(GIVEN INFORMATION begins)
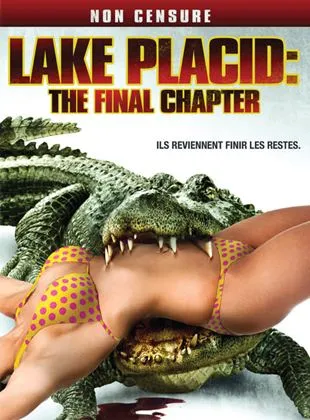 Lake Placid: The Final Chapter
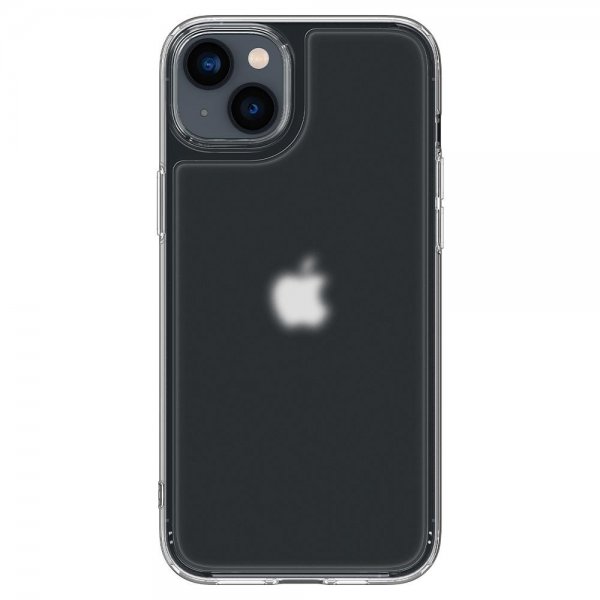 Spigen iPhone 14 Plus Cover Quartz Hybrid Matte Clear
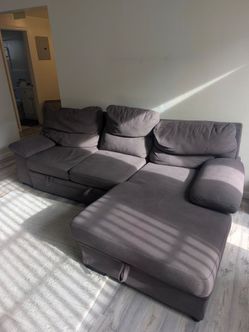 Sectional sofa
(GIVEN INFORMATION ends)
EXERCISE PROMPT:
Using the material above, set down every line exactly, but skip the pictures.

EXERCISE ANSWER:
 Lake Placid: The Final Chapter
 Spigen iPhone 14 Plus Cover Quartz Hybrid Matte Clear
 Sectional sofa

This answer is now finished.